- **Problem statement**: Reproduce the entries below exactly, but only from the line containing "view of the" to the line containing "Statue of Cupid in a Garden", inclusive.

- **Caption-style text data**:
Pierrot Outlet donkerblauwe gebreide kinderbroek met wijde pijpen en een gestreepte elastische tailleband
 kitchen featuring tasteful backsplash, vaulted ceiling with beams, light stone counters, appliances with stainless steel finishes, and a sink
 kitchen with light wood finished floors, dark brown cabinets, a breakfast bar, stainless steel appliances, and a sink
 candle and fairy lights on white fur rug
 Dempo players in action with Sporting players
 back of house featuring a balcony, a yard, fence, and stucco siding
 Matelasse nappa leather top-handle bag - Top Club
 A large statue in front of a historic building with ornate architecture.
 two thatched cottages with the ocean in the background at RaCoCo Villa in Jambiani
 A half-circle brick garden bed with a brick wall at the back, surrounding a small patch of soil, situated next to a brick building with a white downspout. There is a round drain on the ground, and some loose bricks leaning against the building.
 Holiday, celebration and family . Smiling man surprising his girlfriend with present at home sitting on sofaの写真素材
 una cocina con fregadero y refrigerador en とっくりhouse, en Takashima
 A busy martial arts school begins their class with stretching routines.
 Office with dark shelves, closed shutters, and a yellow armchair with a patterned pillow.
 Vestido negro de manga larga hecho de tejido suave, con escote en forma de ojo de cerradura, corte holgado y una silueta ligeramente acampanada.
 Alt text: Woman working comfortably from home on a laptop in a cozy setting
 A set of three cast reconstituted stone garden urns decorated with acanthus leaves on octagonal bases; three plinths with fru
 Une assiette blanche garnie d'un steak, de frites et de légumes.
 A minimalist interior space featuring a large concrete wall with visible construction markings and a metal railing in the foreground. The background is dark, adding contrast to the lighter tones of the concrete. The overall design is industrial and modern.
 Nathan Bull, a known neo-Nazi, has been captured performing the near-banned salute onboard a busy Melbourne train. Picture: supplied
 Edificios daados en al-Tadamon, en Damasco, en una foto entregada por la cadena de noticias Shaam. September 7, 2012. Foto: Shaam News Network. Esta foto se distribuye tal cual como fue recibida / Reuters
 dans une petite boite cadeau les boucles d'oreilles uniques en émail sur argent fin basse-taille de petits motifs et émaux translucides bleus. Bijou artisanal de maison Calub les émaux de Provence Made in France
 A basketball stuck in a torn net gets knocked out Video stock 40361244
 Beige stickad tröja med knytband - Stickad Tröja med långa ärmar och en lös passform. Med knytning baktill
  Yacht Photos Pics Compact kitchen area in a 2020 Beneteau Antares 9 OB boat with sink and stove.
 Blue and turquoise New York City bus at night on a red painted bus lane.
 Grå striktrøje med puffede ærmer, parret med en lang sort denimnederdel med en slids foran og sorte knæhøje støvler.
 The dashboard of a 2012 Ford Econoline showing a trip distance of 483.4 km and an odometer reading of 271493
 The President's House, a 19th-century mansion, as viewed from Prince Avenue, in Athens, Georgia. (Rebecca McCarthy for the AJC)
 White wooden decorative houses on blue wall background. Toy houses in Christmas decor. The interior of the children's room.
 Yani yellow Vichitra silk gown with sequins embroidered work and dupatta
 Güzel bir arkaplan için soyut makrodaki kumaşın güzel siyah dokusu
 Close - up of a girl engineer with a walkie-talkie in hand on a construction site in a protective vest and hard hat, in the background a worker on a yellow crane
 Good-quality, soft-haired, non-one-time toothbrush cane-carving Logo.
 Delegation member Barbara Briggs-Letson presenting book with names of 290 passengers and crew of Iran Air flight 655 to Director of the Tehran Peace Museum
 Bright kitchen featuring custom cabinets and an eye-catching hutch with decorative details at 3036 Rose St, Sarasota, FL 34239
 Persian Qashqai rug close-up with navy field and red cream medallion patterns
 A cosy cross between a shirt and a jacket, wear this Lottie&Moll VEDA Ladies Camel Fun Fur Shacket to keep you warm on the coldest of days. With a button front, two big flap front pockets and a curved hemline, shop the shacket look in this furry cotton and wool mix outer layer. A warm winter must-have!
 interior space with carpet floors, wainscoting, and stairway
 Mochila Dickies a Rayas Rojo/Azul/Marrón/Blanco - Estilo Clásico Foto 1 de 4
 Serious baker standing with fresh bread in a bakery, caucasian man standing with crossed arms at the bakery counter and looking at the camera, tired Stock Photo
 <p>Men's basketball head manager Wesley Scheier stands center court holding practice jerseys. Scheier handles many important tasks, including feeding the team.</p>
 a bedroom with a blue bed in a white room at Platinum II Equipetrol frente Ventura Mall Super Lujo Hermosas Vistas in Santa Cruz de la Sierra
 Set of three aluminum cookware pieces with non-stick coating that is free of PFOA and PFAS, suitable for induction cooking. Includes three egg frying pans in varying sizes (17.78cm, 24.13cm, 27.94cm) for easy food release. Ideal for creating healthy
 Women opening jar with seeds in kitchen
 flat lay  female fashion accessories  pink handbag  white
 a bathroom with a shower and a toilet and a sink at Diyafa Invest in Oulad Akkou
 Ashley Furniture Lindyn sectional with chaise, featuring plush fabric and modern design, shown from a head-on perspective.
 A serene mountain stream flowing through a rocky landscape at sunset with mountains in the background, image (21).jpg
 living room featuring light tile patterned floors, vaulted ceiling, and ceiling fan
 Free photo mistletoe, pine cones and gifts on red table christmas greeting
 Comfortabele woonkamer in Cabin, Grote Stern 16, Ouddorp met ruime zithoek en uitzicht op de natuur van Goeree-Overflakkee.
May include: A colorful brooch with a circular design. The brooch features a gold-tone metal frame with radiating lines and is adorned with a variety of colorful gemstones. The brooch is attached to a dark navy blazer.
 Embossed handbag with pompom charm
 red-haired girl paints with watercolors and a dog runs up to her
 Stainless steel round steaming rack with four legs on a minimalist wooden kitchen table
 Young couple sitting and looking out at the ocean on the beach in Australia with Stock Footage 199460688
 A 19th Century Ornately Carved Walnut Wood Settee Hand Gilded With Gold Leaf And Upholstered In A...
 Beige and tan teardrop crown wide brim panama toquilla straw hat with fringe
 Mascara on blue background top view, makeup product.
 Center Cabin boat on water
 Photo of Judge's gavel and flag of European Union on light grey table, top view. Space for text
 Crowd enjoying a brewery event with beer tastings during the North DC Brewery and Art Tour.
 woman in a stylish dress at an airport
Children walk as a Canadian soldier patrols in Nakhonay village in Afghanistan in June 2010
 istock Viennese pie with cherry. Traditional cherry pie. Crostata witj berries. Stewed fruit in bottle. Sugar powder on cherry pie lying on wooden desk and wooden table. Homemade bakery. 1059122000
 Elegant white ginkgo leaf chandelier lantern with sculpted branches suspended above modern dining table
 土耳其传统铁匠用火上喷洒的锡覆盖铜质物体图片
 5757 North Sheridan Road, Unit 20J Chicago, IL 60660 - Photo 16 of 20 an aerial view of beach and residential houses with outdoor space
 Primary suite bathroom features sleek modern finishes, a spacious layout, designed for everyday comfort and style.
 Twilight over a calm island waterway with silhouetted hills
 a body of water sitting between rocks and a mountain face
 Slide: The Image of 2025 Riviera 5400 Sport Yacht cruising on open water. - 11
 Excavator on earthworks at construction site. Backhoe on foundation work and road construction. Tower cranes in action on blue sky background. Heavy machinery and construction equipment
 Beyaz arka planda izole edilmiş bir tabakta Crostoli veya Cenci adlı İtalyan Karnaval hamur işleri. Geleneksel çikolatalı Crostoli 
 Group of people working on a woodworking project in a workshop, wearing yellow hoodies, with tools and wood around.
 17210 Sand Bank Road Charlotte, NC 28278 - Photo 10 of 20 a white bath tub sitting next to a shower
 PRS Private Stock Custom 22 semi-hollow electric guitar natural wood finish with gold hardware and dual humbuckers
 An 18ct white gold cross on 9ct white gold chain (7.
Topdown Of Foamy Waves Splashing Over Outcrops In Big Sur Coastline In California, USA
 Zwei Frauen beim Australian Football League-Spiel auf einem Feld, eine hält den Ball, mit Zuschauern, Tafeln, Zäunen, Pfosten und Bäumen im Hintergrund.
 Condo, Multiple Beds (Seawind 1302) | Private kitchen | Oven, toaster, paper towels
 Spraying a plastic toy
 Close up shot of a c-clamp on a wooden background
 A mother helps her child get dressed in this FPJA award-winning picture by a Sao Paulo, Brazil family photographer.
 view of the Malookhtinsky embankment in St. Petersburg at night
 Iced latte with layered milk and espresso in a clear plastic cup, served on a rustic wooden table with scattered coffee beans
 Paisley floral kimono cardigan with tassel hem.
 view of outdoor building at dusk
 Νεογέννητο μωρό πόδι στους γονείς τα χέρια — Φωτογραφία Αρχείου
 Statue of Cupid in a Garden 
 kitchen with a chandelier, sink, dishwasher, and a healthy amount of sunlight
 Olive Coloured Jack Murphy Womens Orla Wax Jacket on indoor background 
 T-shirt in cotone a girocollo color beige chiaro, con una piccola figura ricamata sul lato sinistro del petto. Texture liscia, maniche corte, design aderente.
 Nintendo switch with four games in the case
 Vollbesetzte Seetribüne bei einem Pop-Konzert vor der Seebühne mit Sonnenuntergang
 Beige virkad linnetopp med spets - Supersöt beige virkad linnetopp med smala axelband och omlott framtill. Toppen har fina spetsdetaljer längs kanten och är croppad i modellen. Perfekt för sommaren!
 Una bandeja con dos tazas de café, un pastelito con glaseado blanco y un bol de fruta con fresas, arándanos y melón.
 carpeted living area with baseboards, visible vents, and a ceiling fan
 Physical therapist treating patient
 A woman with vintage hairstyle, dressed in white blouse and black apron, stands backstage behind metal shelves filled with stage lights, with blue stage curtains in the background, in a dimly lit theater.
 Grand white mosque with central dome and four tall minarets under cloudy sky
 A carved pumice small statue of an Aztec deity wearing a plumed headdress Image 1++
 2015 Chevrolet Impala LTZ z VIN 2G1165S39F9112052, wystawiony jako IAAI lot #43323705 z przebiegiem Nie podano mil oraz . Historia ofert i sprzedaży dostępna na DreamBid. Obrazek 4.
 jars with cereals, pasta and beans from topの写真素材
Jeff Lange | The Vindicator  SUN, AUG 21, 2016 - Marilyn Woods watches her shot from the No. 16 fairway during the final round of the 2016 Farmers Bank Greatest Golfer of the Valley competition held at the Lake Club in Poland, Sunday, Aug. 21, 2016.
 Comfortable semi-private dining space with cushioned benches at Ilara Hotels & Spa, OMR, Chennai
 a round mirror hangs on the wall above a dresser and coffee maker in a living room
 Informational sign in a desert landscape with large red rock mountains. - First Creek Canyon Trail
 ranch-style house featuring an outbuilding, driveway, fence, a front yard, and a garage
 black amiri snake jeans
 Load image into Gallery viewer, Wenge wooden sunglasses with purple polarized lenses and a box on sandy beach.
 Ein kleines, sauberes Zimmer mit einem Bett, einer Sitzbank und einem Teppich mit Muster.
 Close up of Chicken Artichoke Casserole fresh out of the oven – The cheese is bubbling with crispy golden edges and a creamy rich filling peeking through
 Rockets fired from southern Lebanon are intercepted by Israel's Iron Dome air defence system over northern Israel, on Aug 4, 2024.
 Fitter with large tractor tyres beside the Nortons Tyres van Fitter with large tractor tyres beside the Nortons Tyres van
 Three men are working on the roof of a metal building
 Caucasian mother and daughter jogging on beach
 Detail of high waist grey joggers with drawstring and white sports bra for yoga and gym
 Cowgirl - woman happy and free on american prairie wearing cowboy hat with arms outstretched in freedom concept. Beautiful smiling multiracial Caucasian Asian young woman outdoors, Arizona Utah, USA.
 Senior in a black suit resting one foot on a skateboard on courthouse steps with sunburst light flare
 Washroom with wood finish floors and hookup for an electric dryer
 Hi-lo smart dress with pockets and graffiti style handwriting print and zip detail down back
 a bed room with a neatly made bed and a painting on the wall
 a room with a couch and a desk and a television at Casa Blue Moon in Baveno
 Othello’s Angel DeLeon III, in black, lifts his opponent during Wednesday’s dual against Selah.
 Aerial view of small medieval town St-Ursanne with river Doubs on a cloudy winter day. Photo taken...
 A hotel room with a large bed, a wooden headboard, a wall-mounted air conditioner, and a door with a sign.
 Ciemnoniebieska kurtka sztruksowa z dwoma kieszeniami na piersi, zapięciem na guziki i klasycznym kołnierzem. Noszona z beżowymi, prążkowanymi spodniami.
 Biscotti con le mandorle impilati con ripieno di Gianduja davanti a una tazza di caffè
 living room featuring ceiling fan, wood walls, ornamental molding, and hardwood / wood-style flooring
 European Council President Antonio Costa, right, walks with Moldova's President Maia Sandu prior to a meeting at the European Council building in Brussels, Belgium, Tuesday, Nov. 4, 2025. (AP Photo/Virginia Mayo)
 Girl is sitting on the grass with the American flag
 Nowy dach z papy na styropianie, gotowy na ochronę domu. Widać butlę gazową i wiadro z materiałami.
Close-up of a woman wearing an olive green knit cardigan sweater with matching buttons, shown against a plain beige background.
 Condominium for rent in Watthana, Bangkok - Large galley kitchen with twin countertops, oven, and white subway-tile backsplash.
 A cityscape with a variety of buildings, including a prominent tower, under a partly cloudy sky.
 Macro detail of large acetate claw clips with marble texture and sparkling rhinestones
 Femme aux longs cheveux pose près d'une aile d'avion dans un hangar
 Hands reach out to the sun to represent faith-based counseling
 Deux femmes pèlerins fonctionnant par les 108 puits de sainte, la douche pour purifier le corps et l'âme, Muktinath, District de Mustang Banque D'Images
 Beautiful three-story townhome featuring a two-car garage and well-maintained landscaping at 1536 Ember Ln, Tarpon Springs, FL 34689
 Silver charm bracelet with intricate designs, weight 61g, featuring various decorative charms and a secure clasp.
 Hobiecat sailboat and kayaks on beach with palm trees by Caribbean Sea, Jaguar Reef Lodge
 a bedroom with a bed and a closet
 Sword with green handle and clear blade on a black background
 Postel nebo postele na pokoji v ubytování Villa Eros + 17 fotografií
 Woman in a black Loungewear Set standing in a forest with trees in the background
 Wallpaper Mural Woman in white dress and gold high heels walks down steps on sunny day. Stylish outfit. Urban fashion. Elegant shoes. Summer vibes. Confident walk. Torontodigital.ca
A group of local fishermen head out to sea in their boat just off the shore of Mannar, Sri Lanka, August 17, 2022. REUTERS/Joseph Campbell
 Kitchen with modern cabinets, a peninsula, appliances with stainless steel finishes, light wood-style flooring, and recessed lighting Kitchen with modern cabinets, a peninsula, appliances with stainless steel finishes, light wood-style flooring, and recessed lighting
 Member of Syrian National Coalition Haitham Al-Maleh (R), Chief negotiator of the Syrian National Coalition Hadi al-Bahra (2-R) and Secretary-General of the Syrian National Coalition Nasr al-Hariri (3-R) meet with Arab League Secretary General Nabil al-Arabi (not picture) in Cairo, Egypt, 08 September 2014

- **Task output**:
 view of the Malookhtinsky embankment in St. Petersburg at night
 Iced latte with layered milk and espresso in a clear plastic cup, served on a rustic wooden table with scattered coffee beans
 Paisley floral kimono cardigan with tassel hem.
 view of outdoor building at dusk
 Νεογέννητο μωρό πόδι στους γονείς τα χέρια — Φωτογραφία Αρχείου
 Statue of Cupid in a Garden 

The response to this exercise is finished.